Objective To determine the prevalence and risk factors of undiagnosed diabetic retinopathy (DR), in particular vision-threatening DR (VTDR) in a multiethnic Asian cohort.

Design A population-based survey of 3353 Chinese, 3280 Malays and 3400 Indians (73.6% response) aged 40–80 years residing in Singapore. Diabetes mellitus (DM) was defined as random glucose ≥11.1 mmol/L, use of diabetic medication or a previous physician diagnosis. DR severity was graded from retinal photographs following the modified Airlie House classification. VTDR was defined as the presence of severe non-proliferative DR (NPDR), proliferative DR (PDR) or clinically significant macular oedema (CSMO), using the Eye Diseases Prevalence Research Group definition. Participants were deemed ‘undiagnosed’ if they reported no prior physician diagnosis in structured interviews, in those with the condition.

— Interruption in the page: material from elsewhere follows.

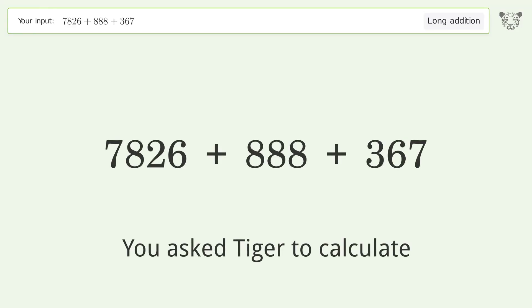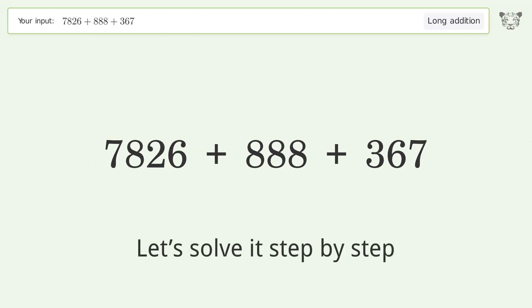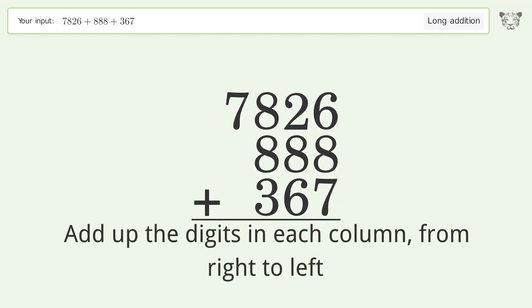You asked Tiger to calculate. This deals with long addition; the final result is 9081. Let's solve it step by step. Rewrite the numbers from top to bottom aligned by their place values, then add up the digits in each column from right to left.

Results Of 10 033 participants, 2376 had DM (23.7%), of which 805 (33.9%) had DR. Among 2376 with DM, 11.1% (n=263) were undiagnosed. Among 805 with DR, 671 (83.3%) were undiagnosed. Among 212 with VTDR, 59 (27.3%) were undiagnosed. In multivariate models, factors associated with undiagnosed VTDR were higher low-density lipoprotein (LDL) cholesterol (OR=1.53, 95% CI 0.99 to 2.35, p=0.05) and absence of visual impairment or blindness in any eye in terms of best-corrected vision OR=3.00, 95% CI 1.47 to 6.11, p=0.003).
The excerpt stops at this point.